In diese Gedanken vertieft verfuhr ich mich. Er enthielt sich jeder Stichelei, als ich anhielt, auf der Karte nachsah, wo ich falsch abgebogen war, und schließlich aus einer ungewohnten Richtung doch noch zum Parkplatz fand; und schon dieser Nachsicht wegen hätte ich ihm weiterhin gedient wie ein Knappe dem Ritter. Konnte man noch altmodischer sein?

Wir kamen erst lange nach sechs zurück, und der Parkplatz war entsprechend leer. Die umliegenden Geschäfte hatten geschlossen.

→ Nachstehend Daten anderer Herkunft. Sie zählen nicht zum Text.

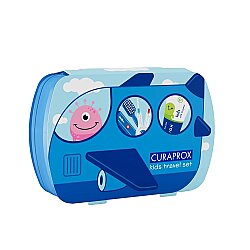 Curaprox Çocuk Seyahat Ağız Bakım Seti Mavi (6-12 Yaş) - Curaprox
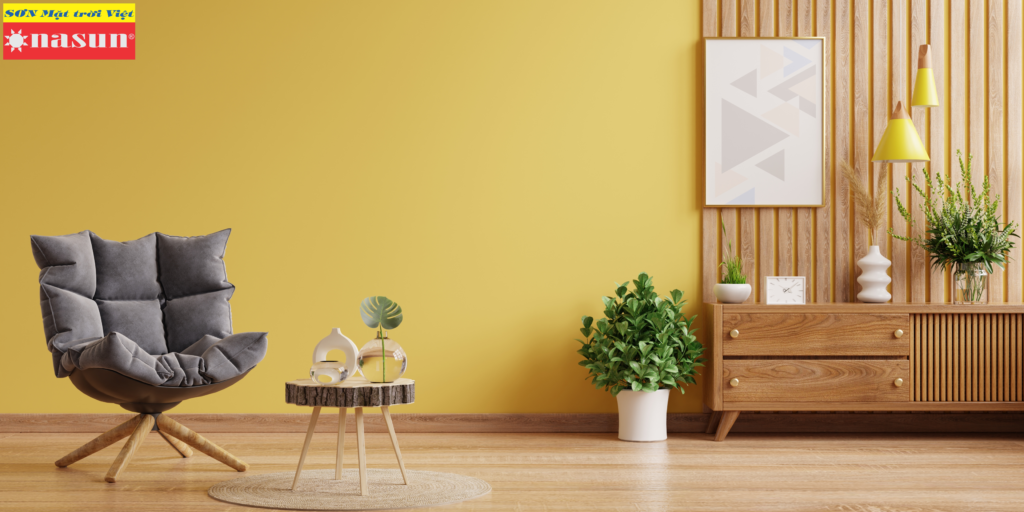 Sơn nội thất màu vàng kem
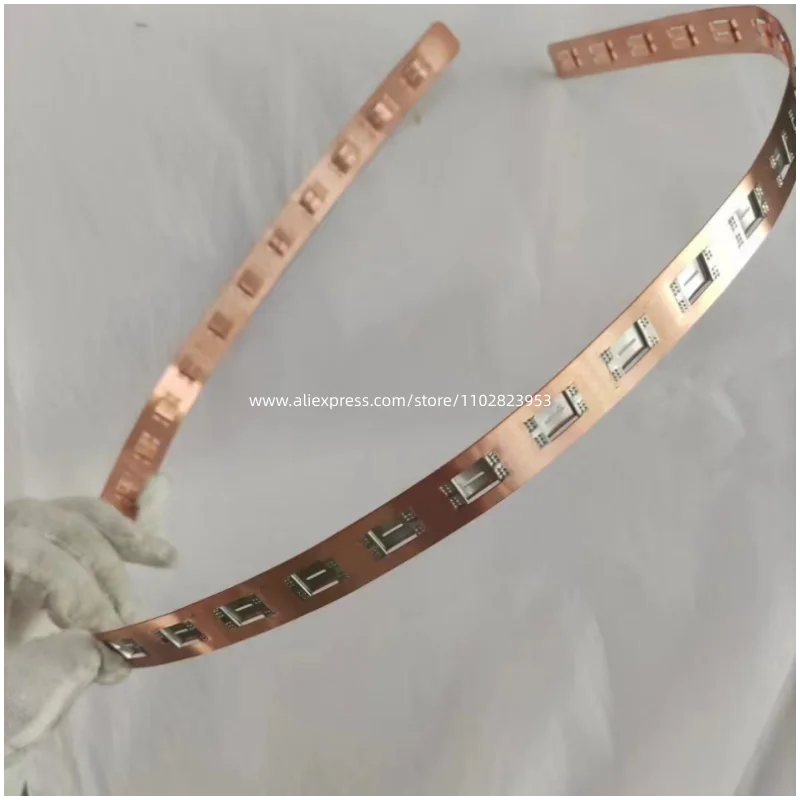 

5PCS 21700-1p Positive And Negative Copper Busbar 18650-1P Copper Nickel Bar 0.3mm 800mm Copper Nickel Plating Can Be Customized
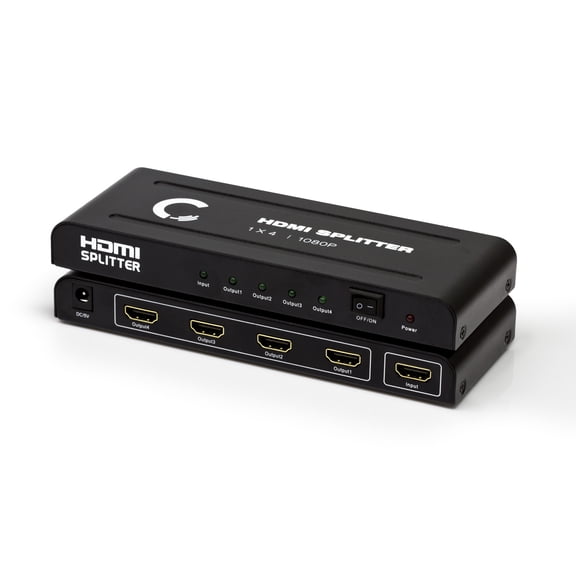 Expert Connect 1x4 HDMI Splitter, Analog to Digital Converter, New, HMASPDK104B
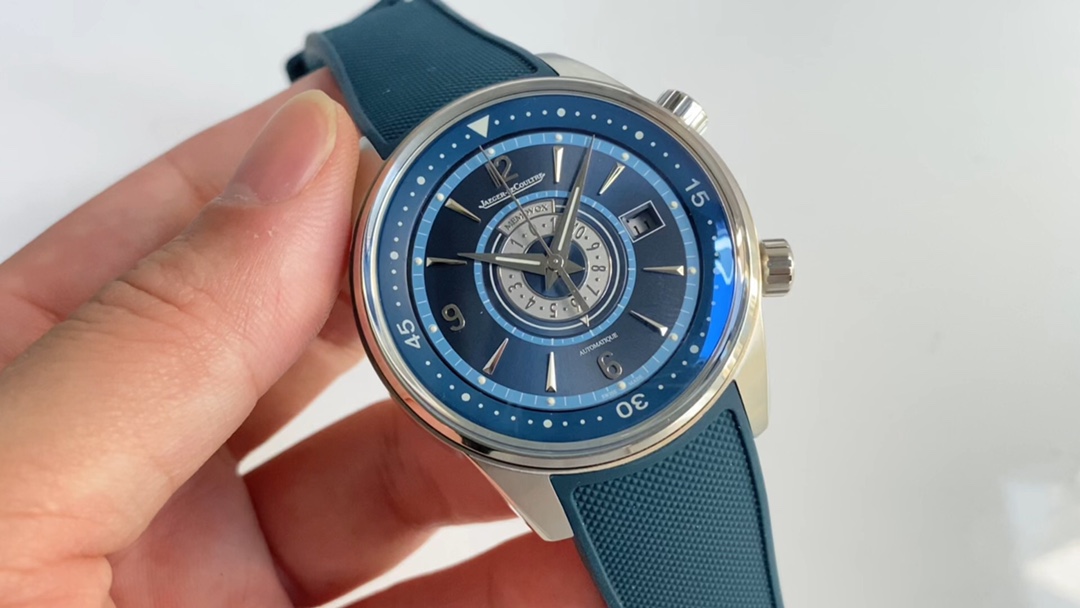 积家大师Jaeger-LeCoultre/410257J/42mm/闹铃腕表机芯采用日本9015机芯质量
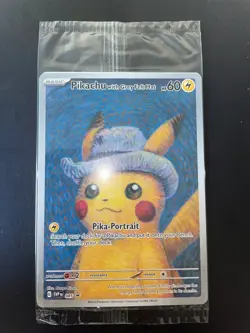 PSA 10 Pokemon x Van Gogh: Pikachu with Grey Felt Hat SVP 085 Promo Card Sealed - Image 2
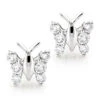 Ladies Diamond Butterfly Earrings Studs 1/2ct 14K White Gold 2 Ladies Diamond Butterfly Earrings Studs 1/2ct 14K White Gold -Invicta Jewelry Store diamond butterfly earrings 048ct 14k p 44628 wh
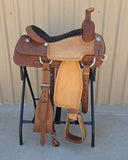 #1967 15" Corriente Team Roping Saddle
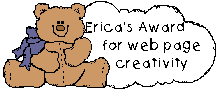 Logo - Erica's award for web page creativity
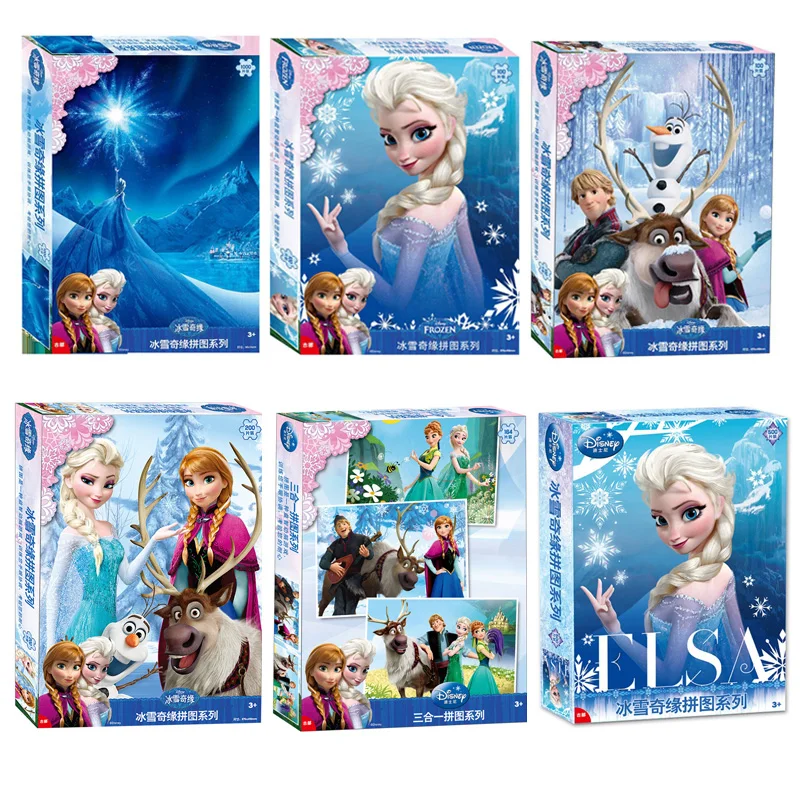 Disney Frozen 2 Снежная королева Эльза Анна 3D DIY картинка головоломка головоломки для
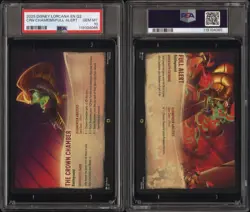 Crown Chamber Full Alert Disney Lorcana Card Jafar Palace Heist Aladdin PSA 10 - Image 3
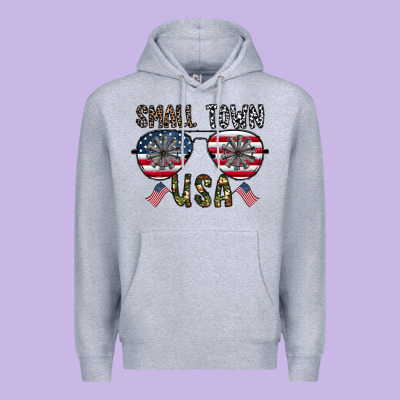 Small Town Usa Premium Hoodie Designed By Cowhidedigitalart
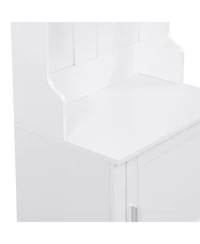 Streamdale Slim Hall Tree with Cabinet & Hooks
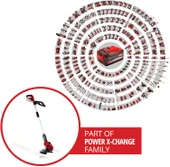 Einhell GE-CT 18 Li - Solo, Akülü Kenar Kesme (Akü ve şarj cihazı dahil değildir) - 3411172 - 2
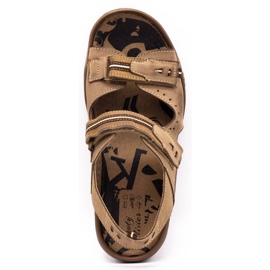 Mario Pala 448 ruskeaa miesten sandaalia 1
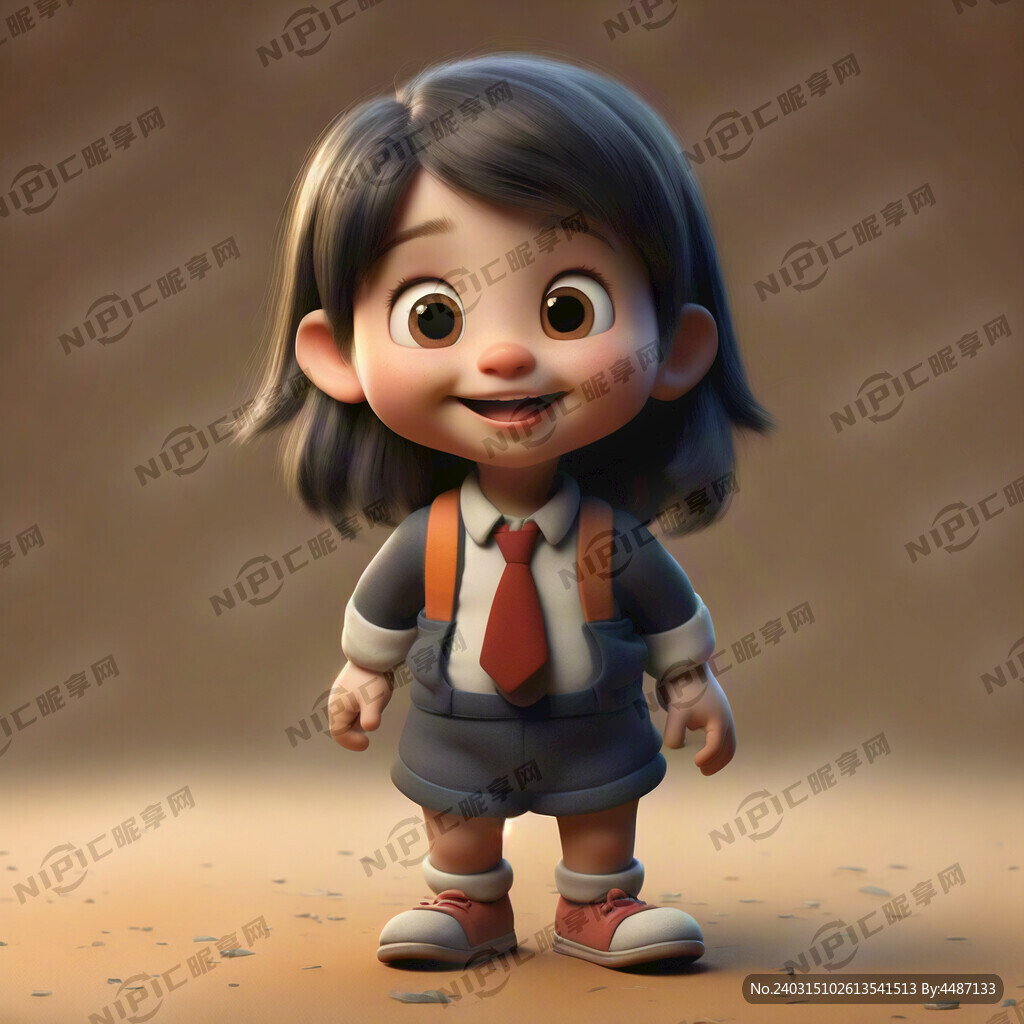 卡通小学生  小点声 嘘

Die Abendsonne schien matt golden, als ich Crystals Wagen parkte.

Das Büro war noch schwach beleuchtet, aber verlassen. Ich schloß die Tür auf, und eine große Notiz auf Mervyn Tecks Schreibtisch sprang uns ins Auge.

»Der Range Rover steht in Rudds Reparaturwerkstatt. Sie haben ihn gründlich überholt und nichts daran gefunden.«

Kapitel 4

Nach dem anstrengenden ganztägigen Gastspiel in Quindle hätte ich meinem Vater eine Verschnaufpause gegönnt, aber ich war mir noch nicht darüber im klaren, wieviel Ausdauer angehenden Volksvertretern ab verlangt wird. Statt in Ruhe seine Batterien aufladen zu können, mußte er zu einem weiteren Händeschüttel- und Lächelmarathon, nur diesmal nicht im Lüsterglanz des großen Saals des Schlafenden Drachen, sondern in viel einfacheren, normalerweise der Vorschulerziehung dienenden Räumlichkeiten in einem Außenbezirk von Hoopwestern.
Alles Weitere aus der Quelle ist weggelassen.